Former U.S. Attorney and Circuit Court judge Steve Alm easily had the most votes in the primary race for Honolulu prosecuting attorney, but he did not garner enough support to avoid a general election runoff with former Deputy Prosecutor Megan Kau.
Kau finished a distant second (24% to Alm’s 41%) but ahead of Deputy Public Defender Jacquie Esser, who was third with 19%.
Acting Prosecutor Dwight Nadamoto, the man who took over the office in the wake of the Kealoha scandal, was far back in fourth place, with Honolulu attorneys RJ Brown, Tae Kim and Anosh Yaqoob trailing.
Alm, 67, held leadership positions in both the United States Attorney’s Office and the Honolulu Prosecutor’s Office. He led Honolulu’s Weed &Seed program that reduced crime in Chinatown and Kalihi-Palama and created HOPE Probation, the nation’s first pilot program to reduce probation violations by drug offenders and others at high risk of returning to the system.
In an interview Saturday night, Alm said his candidacy resonated with the voters.
“As I traveled around the island, so many said, ‘Will you bring trust back to the Prosecutor’s Office?’” Alm said. “That’s what this election is all about. I have the proven experience and integrity to clean up the office and restore trust.”
On the campaign trail, Alm argued that his experience would allow him to hit the ground running to bring credibility to the office and create a culture of high ethical standards.
Alm pledged to promote programs proven to enhance the safety of the public.
He said he would consider reorganizing the office to what best serves the needs of the criminal justice system and of victims and would consider creating specialized teams of deputy prosecutors, such as for homicides and for drug cases, so they will be more effective in working with the Honolulu Police Department and producing better outcomes in court.
Megan Kau, 42, a lawyer specializing in civil litigation, complicated criminal cases and personal injury, said she will work hard over the next three months to cut into Alm’s margin of victory by stressing her more recent and relevant experience and knowledge of the system.
“Like the mayor’s race, people are looking for change. They want new energy,” Kau said.
“I’ve been telling people from the beginning that if Steve Alm is elected prosecutor, it will be a good office. If Megan Kau is elected prosecutor, it will be a great office,” she said.
Kau has vowed to prosecute all crimes, both high- and low-level offenses, to make violators accountable for their actions.
Kau added that she’s the only candidate who assisted the federal government in investigating Katherine Kealoha and will ask anyone who assisted the jailed deputy prosecutor to resign from the office.

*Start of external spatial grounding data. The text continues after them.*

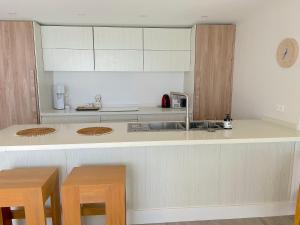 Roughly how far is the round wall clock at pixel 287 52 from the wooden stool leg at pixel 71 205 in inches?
85.6

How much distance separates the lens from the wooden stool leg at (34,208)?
1.44m

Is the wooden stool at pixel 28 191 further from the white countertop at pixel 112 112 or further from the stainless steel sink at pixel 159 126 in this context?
the white countertop at pixel 112 112

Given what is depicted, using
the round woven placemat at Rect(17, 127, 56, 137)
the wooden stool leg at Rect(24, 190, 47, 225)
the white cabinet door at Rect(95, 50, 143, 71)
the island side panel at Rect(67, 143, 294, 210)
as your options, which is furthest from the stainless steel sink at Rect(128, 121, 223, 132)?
the white cabinet door at Rect(95, 50, 143, 71)

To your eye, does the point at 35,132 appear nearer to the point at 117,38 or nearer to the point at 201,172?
the point at 201,172

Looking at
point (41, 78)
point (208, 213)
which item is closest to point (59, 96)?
point (41, 78)

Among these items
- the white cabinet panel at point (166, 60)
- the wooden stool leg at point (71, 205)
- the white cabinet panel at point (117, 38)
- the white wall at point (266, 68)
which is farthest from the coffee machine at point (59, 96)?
the white wall at point (266, 68)

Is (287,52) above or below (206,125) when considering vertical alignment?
above

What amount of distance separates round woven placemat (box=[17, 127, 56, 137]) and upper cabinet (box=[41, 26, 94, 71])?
4.79 ft

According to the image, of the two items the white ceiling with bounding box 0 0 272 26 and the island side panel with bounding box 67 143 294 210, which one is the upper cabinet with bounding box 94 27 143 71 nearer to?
the white ceiling with bounding box 0 0 272 26

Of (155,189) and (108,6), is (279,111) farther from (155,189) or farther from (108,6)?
(108,6)

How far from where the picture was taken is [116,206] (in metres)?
1.54

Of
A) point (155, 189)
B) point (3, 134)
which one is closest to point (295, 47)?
point (155, 189)

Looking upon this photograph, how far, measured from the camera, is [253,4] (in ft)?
8.26

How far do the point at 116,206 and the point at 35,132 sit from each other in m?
1.00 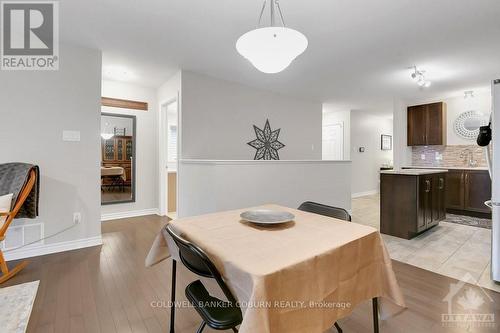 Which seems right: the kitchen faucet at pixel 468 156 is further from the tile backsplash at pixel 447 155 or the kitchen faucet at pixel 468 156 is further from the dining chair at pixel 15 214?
the dining chair at pixel 15 214

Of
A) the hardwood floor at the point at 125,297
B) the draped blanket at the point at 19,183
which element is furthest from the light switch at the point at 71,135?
the hardwood floor at the point at 125,297

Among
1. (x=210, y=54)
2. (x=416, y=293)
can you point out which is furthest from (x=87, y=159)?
(x=416, y=293)

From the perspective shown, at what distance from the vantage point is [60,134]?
113 inches

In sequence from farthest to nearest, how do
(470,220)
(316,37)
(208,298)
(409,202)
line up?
(470,220)
(409,202)
(316,37)
(208,298)

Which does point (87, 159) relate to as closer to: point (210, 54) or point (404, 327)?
point (210, 54)

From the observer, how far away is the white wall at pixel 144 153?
4.36m

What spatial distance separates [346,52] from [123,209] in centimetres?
446

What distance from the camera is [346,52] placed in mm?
3049

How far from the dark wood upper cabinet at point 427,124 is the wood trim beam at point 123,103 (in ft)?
19.0

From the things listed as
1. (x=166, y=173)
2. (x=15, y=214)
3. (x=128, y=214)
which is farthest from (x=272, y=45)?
(x=128, y=214)

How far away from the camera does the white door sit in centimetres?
689

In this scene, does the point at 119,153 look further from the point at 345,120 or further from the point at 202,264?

Esser, a 38-year-old mother of a 5-year-old and public defender for 10 years, campaigned on reform and stressed fair treatment in the criminal justice system. She said she wouldn’t prosecute crimes stemming from poverty such as violations of Honolulu’s sit-lie ordinances and park closure laws and would instead refer those people to programs that provide help.
Esser also said she wouldn’t prosecute non- violent crimes stemming from substance use disorder if the defendant is willing to get treatment. She also vowed to stop prosecuting other low-level offenses and focus on prosecuting serious crimes like murder, rape, sex trafficking, robbery, aggravated assault and public corruption.
Nadamoto, 67, took over the Prosecutor’s Office in 2019 after Prosecutor Keith Kaneshiro went on a paid leave of absence when the U.S. Department of Justice notified him that he was a target in the criminal investigation involving former Honolulu Police Chief Louis Kealoha and his wife, Katherine Kealoha, one of Kaneshiro’s deputies.
The Kealohas and two Honolulu Police Department officers await sentencing after a federal jury found them guilty of conspiracy and obstruction last year. The case started as a bogus mailbox theft allegation by the Kealohas against Katherine Kealoha’s estranged uncle but exposed a wider effort to defraud Katherine Kealoha’s grandmother through a botched reverse-mortgage scheme.